Oczywiście to tylko przykład jak może wyglądać taka tabela, bo każdy może dostosować ją do własnych potrzeb. Choć na pewno w tabeli powinny znaleźć się pierwsze trzy kolumny, czyli rok zbioru, termin i plon. Z drugiej strony można tabelę jeszcze rozbudować np. osobne kolumny przeznaczyć na nawożenie i opryski.


Co daje prowadzenie takiego zeszytu? Na pewno pozwala stwierdzić, jak sobie drzewa i krzewy owocowe w naszym ogrodzie radzą i jak plonują. Przykładowo posadziłem jabłoń w miejscu w którym (tak się przynajmniej wydaje) słabo jej służyło, nie owocowała. Więc jabłoń przesadziłem w inne miejsce (co w zeszycie odnotowałem) gdzie zaczęła owocować. Albo np. sadzimy truskawki, zapisujemy datę posadzenia, później co roku wpisujemy plon i możemy stwierdzić, jak dana odmiana w naszych warunkach się sprawuje.
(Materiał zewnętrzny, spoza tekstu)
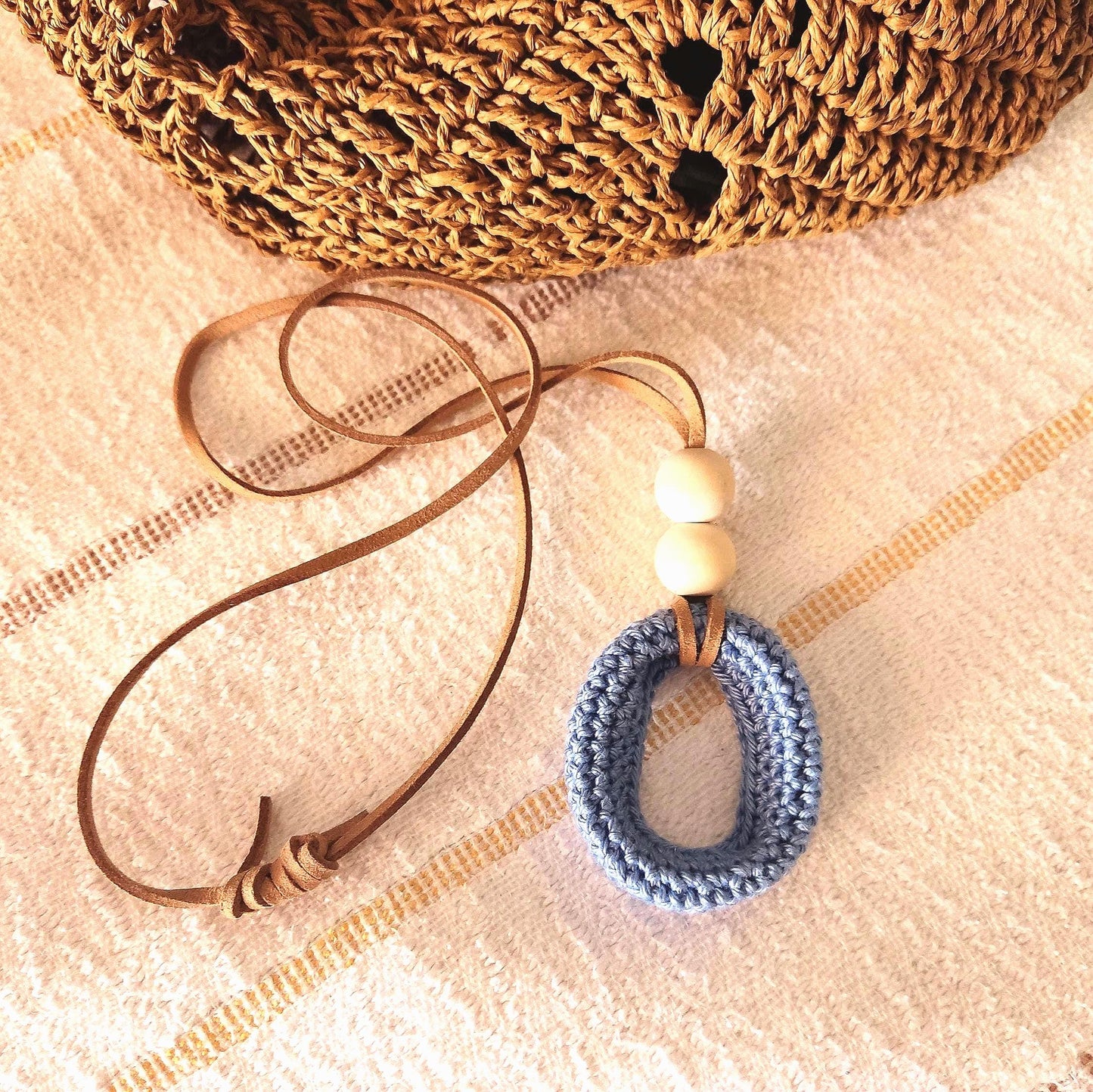 Crochet Pendant Necklace with Pearl Beads - Adjustable Leather Cord Boho Jewelry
Ale też w przypadku truskawek jak zareagowały na ścięcie liści (co oczywiście w zeszycie notujemy), czy w następnym sezonie miały więcej owoców (zobacz również Dlaczego, kiedy i jak ścinać liście truskawek)
. No i rzecz najważniejsza w przypadku truskawek, nie umknie już nam, że truskawki rosną już 4-5 lat w jednym miejscu i czas je zlikwidować i posadzić nowe gdzie indziej. 

Jeśli już jesteśmy przy truskawkach to jak zapisywać krzewy owocowe. Jeśli takich roślin mamy mało, to zapisujemy je pojedynczo, np. mam 4 krzaczki porzeczki czarnej tej samej odmiany i każda ma osobną tabelkę. Jeśli jednak krzewów owocowych mamy więcej, to nie sposób dla każdego rysować oddzielną tabelę, bo jeden zeszyt to byłoby za mało. Dlatego krzewy danej odmianę można zapisać w jednej tabeli, najczęściej i tak plonują podobnie. Dobry przykład to maliny, bo nie sposób wyobrazić sobie, aby zapisać każdy krzak malin osobno. U siebie mam na maliny przeznaczone dwie tabele, jedna tabelka na odmianę letnią, druga na jesienną. 


Jeśli likwidujemy dane drzewo, to tabelę oczywiście zakańczamy. W takim przypadku warto wpisać powód likwidacji, czy było to słabe owocowanie, czy choroby, czy po prostu starość. W moim zeszycie mam zapisaną likwidację wiśni, niestety pień był już zmurszały i groziła przewróceniem, dlatego została wycięta.